入院の時点でspecialist PCを考慮する基準(2)

surprise:患者が12ケ月以内に死亡したとしても驚かないと考えられる

frequent admissions:同じコンディションに基づく数ヶ月内の繰り返す入院

complex symptoms:困難な症状あるいは精神的ニーズによる入院

complex care requirement:機能的な依存あるいは複雑なhome supportを要する

failure to thrive:生活機能の低下、体重低下、自分でケアができない

advance care planning needs:advance care planningの手続き、あるいは話し合いをしたことがない

limited social support:家族のストレス、慢性精神科疾患、caregiverの不在

limited prognosis:進行悪性疾患、認知機能低下を伴う股関節骨折、院外心肺停止

 

 

 

 

 

多くの病気で予後予測を行うことは困難である。そのため疾患毎の予後予測ツールがつくられてきた。しかし臨床家は、これらのツールはpopulation-based dataに基づく予測であって、患者個人ごとの臨床に関連するすべての要素が組み入れられているわけではないため、その限界を理解しなければならない

 

 

悪性疾患・全身状態

Karnofsky Performance Status

0から100点までの10点ごとのスケール。セルフケア、日常生活機能および歩行に関するfunctional statusの評価。100点は正常・問題なし、0点は死亡。予後をdays、weeks、monthsかで予測(3)

 

Eastern Cooperative Oncology Group

0から5点までのスケール。セルフケア、日常生活機能および歩行に関するfunctional statusの評価。0点は制限なく病気以前のすべての活動が可能、5点は死亡。生存予後をdays、weeks、monthsかで予測(4, 5)

 

Palliative Performance Scale

歩行、可能な活動、病気の進展、セルフケア、摂食機能、意識レベルによる評価。生存予後をdays、weeks、monthsかで予測(6)

 

Palliative Prognostic Score

Karnofsky Performance Status、白血球数、リンパ球パーセンテージ、呼吸困難と食思低下の有無で評価。30日生存率を予測(7)

 

 

 

COPD

BODE index

B: Body mass index、O: FEV1%、D: dyspnea severity by Modified Medical Reserch Council Scale for Dyspnea、E: exercise capacity by 6-minute walk。およそ4年生存率を予測(8)

 

 

 

心不全

Seattle Heart Failure Model

様々な臨床的、薬理学的、device、検査的指標に基づいて評価。
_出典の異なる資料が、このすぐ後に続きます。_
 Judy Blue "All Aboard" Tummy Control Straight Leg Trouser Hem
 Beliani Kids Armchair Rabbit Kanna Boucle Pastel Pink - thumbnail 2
1, 2, 3年生存率を予測(9)

 

Multiple estimation of risk based on the emergency department score in patients with acute heart failure

以下の13のリスクファクターによる評価:Barthel Score(日常生活におけるfunctional statusから算定)、年齢、収縮期血圧、呼吸数、検査指標(NT-pro BNP, カリウム, troponin, creatinine)、酸素飽和度、急性冠症候群・心電図上心肥大・NYHA class IV status・low-output symptomsの有無。30日死亡率を予測(10)

 

 

 

 

認知症

Functional Assessment Staging Tool (FAST)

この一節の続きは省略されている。